To investigate the role of barbiturate coma in the management of vasospasm resistant to other treatments including angioplasty.
Patients following urgent aneurysmal repair are managed according to a previously published protocol on the intensive care unit (ICU). Essentially vasospasm detected electively by angiography at day 5-7 following SAH (maximum risk) or earlier if clinically indicated is treated with papaverine injected into the appropriate artery. Arterial systolic pressure is increased to 160-180 mmHg and papaverine angioplasty is repeated each day until vasospasm resolves. Balloon angioplasty is attempted if vasospasm persists and then if this fails barbiturate induced burst suppression is implemented. Eleven patients who had attained 6 months of follow up were managed with barbiturate induced burst suppression. The Glasgow Outcome Scale was used to rate neurological outcome and mortality was compared to predicted APACHE II mortality, and previous studies utilising nimodipine to treat patients with ischaemic deficit secondary to vasospasm.

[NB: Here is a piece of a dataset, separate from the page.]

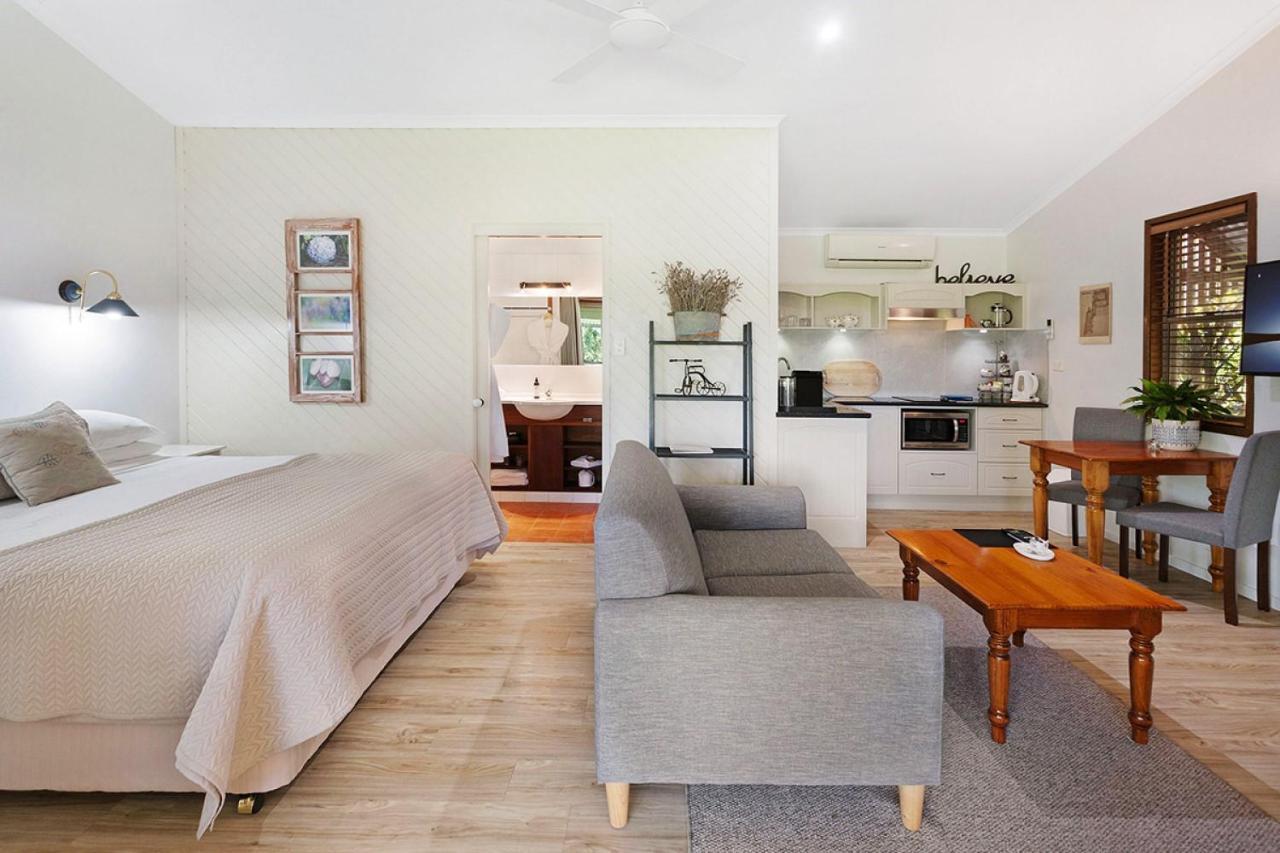 Bendles Cottages Maleny Exteriör bild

One hundred and sixty-four consecutive patients treated according to protocol were reviewed. Eleven patients with symptomatic vasospasm (varying from mild cognitive to severe motor deficits and decreased conscious level) received barbiturate coma therapy where chemical angioplasty had failed on a number of occasions.Thiopentone 10 mg/kg was infused intravenously over 20 min and barbiturate coma was maintained with an infusion rate adjusted to maintain a burst suppression EEG pattern. Intended duration of barbiturate therapy was 3 days but three patients required earlier discontinuation because of infectious complications and two patients received longer infusions because of persistent angiography proven vasospasm. Following termination of barbiturate infusion median times for return of pupillary light reflex and motor response to painful stimuli were 18.5 and 80 h, respectively. Predicted mortality from APACHE II was 31% but all 11 patients survived to hospital discharge. Literature search revealed survival rates of 19% from previous reports of patients receiving barbiturate therapy for vasospasm - none of these survivors made a good neurological recovery. Ten of 11 patients (91%) had a good neurological outcome when rated by the Glasgow Outcome Scale at 6 months following discharge. This compared to 51% for historical controls in patients receiving nimodipine for delayed ischaemic deficit from vasospasm.
Calcium antagonists may improve prognosis for vasospasm following SAH, but evidence is limited for triple H therapy and angioplasty has yet to be validated in controlled trials. This study suggests that the small number of patients with vasospasm despite angioplasty may benefit from barbiturate coma. Protective effects are thought to be due to a reduction in cerebral oxygen consumption and intracranial pressure, and via free radical and fatty acid metabolism. However immune and cardiovascular depression and lengthy artificial ventilation and intensive care therapy are major drawbacks of this therapy. Previous studies utilising barbiturate coma therapy have shown dismal results and the authors question whether improved intensive care therapy, earlier implementation of therapy or chance explain their very encouraging results which are comparable with present therapies for vasospasm following SAH.